El contraste entre ambas visitas (enero y julio) resulta difícil de asimilar, describe Elizari. “En enero, Minheuene reunía toda la belleza asociada a la imagen más exuberante de África: vegetación, pájaros y atardeceres extraordinarios. Pero esa belleza convivía con una realidad mucho más dura. Los habitantes, personas que ya son muy cercanas después de estos diez años de convivencia, acogedoras y familiares; niños y niñas, crianças, llenos de ternura, pero sumidos en una vida muy dura y pobre. No es pobreza, sino una miseria enorme. Una vida anclada en el Neolítico”.

La misión había crecido durante los últimos años.

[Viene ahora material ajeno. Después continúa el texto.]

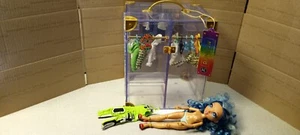 RAINBOW HIGH DELUXE FASHION CLOSET...PLUS ACCESSORIES & DOLL PLS READ - Picture 1 of 18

Los Escolapios calculan que unas 1.500 personas se beneficiaban directamente de su labor en Minheuene, aunque su radio de actuación era mucho mayor: desde allí atendían 34 aldeas.

Habían puesto en marcha escuelas infantiles, proyectos con mujeres, una cooperativa agrícola y programas destinados a mejorar el acceso al agua.